When will the rules take effect?

For the 10-K and Form 20-F disclosures, disclosures will be due with annual reports for fiscal years ending on or after December 15, 2023. For Form

8-K and Form 6-K disclosures, the disclosures will be due beginning the later of 90 days after the date of publication in the Federal Register, or December 18, 2023. Smaller companies have an additional 180 days to comply.

D&O insurance implications:

Both Insurers and Insureds will be affected by the new rules. Insurers will need to conduct a more comprehensive review of a company’s corporate governance related to these issues and price accordingly. For companies that are minimally compliant or non-compliant, there may be limited markets willing to underwrite to them.

From a liability perspective, it is likely that companies will face a greater likelihood of derivative and securities cases related to disclosure failures on the new rules.

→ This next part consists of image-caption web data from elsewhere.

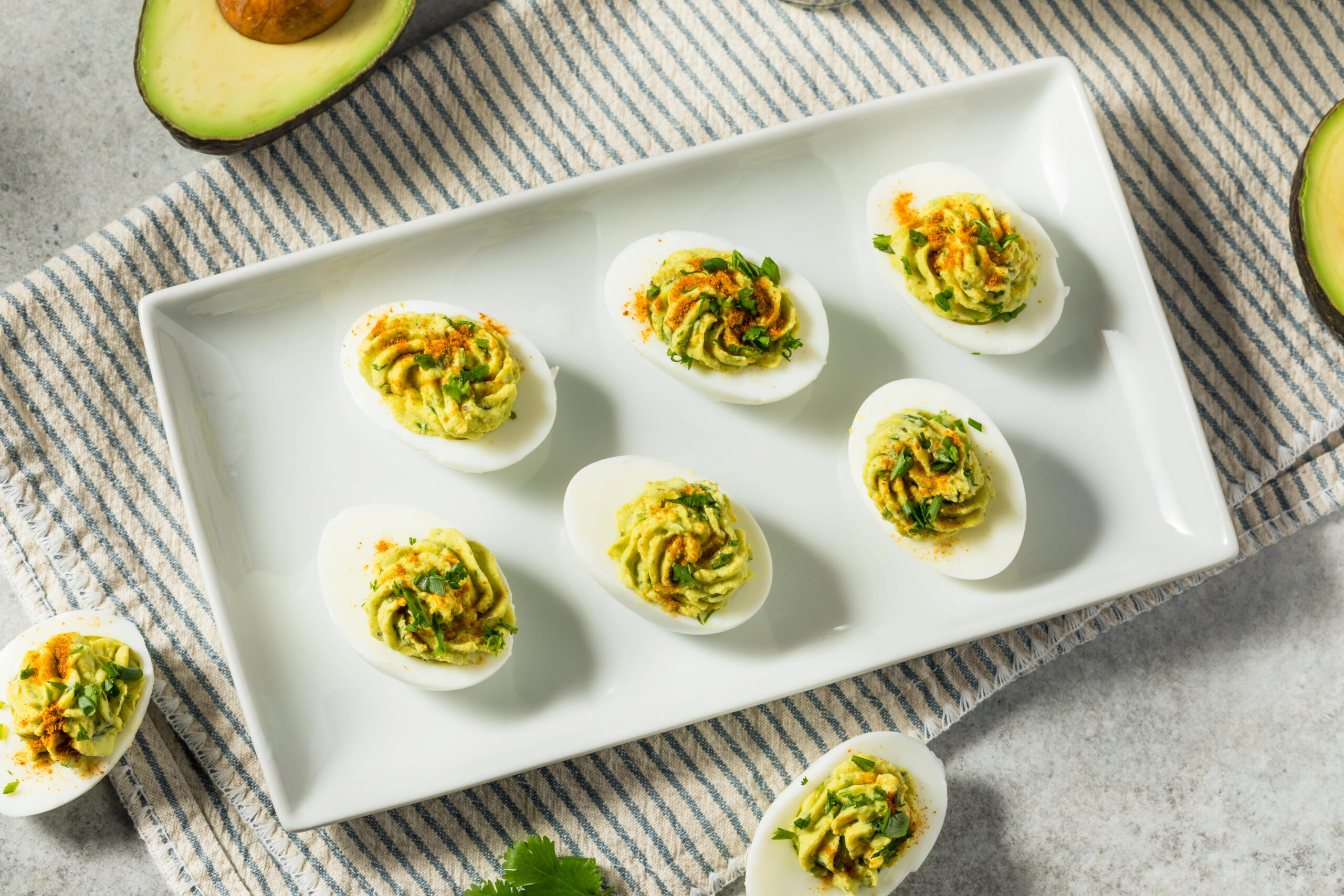 deviled eggs on a white platter
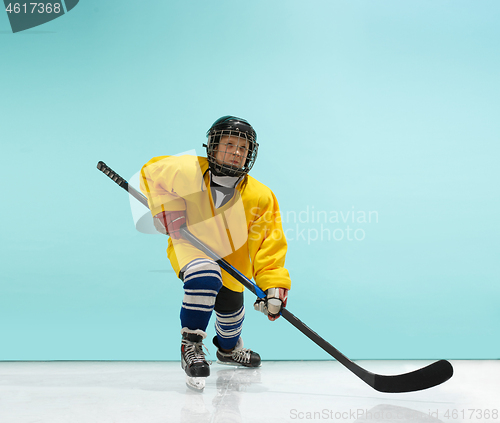 Image of A hockey player with equipment over a blue background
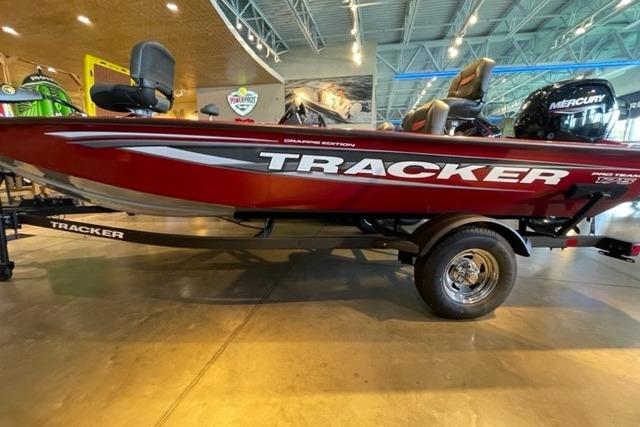 Tracker Pro Team 175 Crappie Edition 2025 Tracker Pro Team 175 Crappie Edition boat displayed indoors, red with Mercury engine.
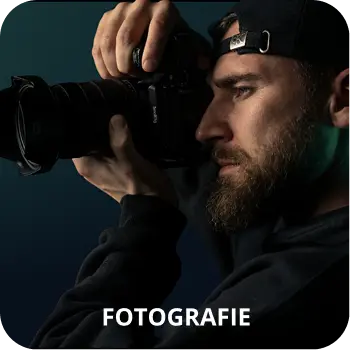 Ein bärtiger Mann mit einer Basecap hält eine professionelle Kamera und schaut ernst durch den Sucher. Das Bild wird von dem fetten Text FOTOGRAFIE überlagert.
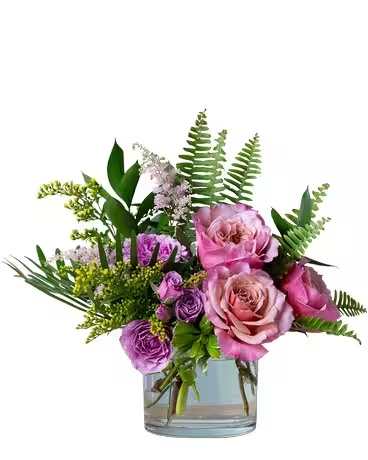 Pink and purple roses in a clear glass vase with fern foliage
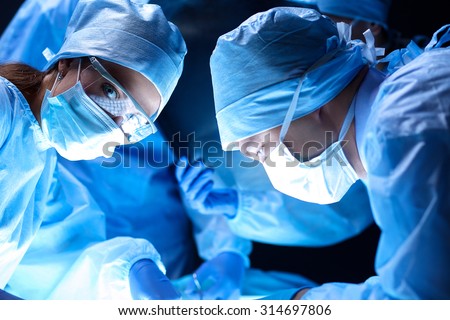 Team surgeon at work on operating in hospital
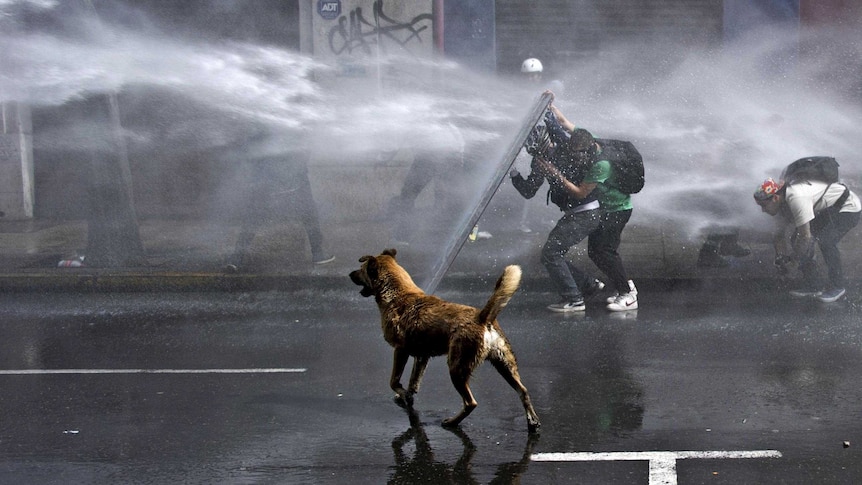 Chilean students clash with riot police in Santiago during a protest to demand educational reform.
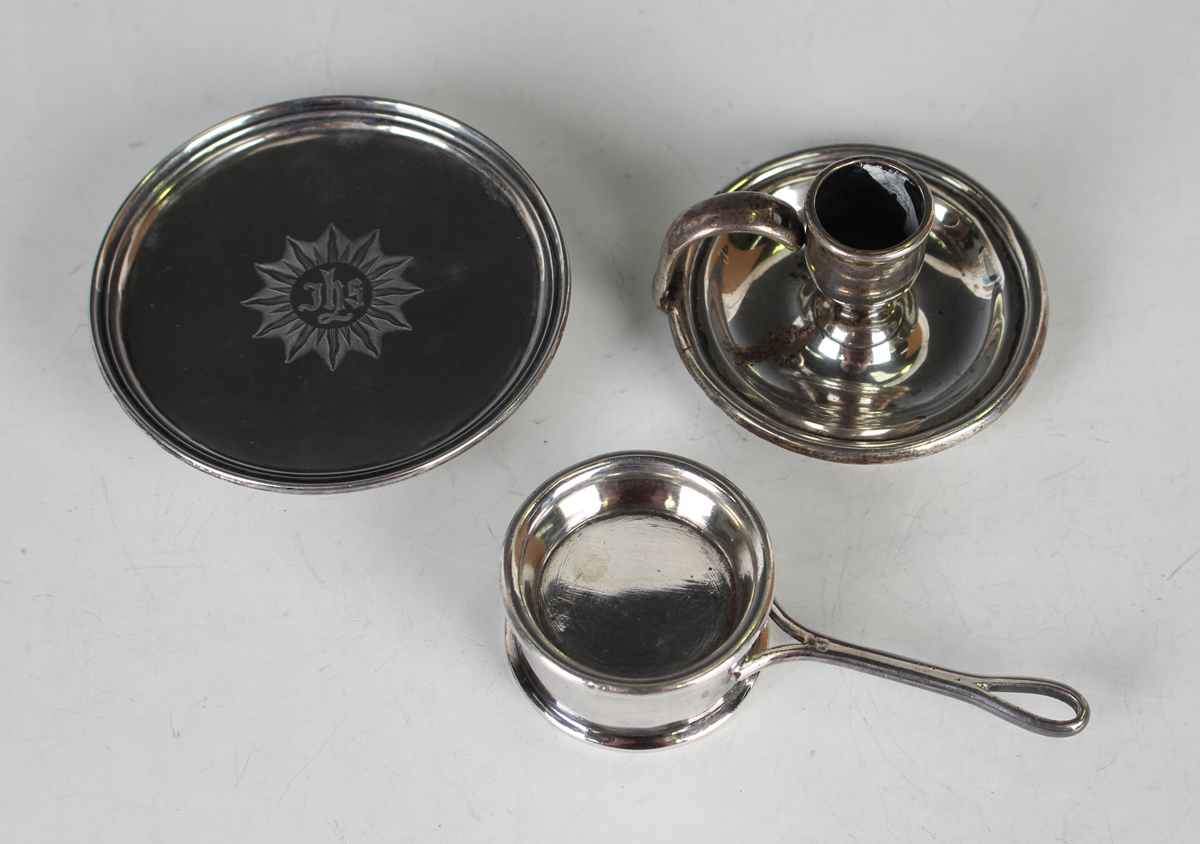 A Victorian silver paten with engraved 'IHS' to centre within a reeded rim, on a circular foot,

Companies should expect continued increases in Book & Record Demands over governance issues. Lawsuits over “materiality” will increase as will securities suits involving breach of fiduciary duty claims and securities violations involving false and misleading statements by commission or omission. Boards and management will be exposed to duty of oversight suits and, possibly, increased third-party risk.

It is also likely that new rules will increase investigation oversight by the SEC. While individual targets of investigations have broad coverage under most D&O policies, there is great debate and wide variance in the policies with respect to coverage for the Entity as it relates to formal investigations. Companies should decide how they want their D&O policy to respond to this balance sheet risk and to what extent. Policies vary significantly, but options for coverage include:

1. No coverage for investigations of the Entity at all.
2. Coverage for the Entity only when an individual is named as a target of the investigation.
3. Coverage for the Entity if there is a related securities claim (some will look back to when the investigation started; others only cover defense once the related securities claim starts).
4. Coverage for Entity without a requirement for co- defendant or related securities claims (sub-limited in some cases at the desire of the company).

Understanding your policy and the coverage available to you could materially impact the balance sheet protection you have when facing these formal investigations.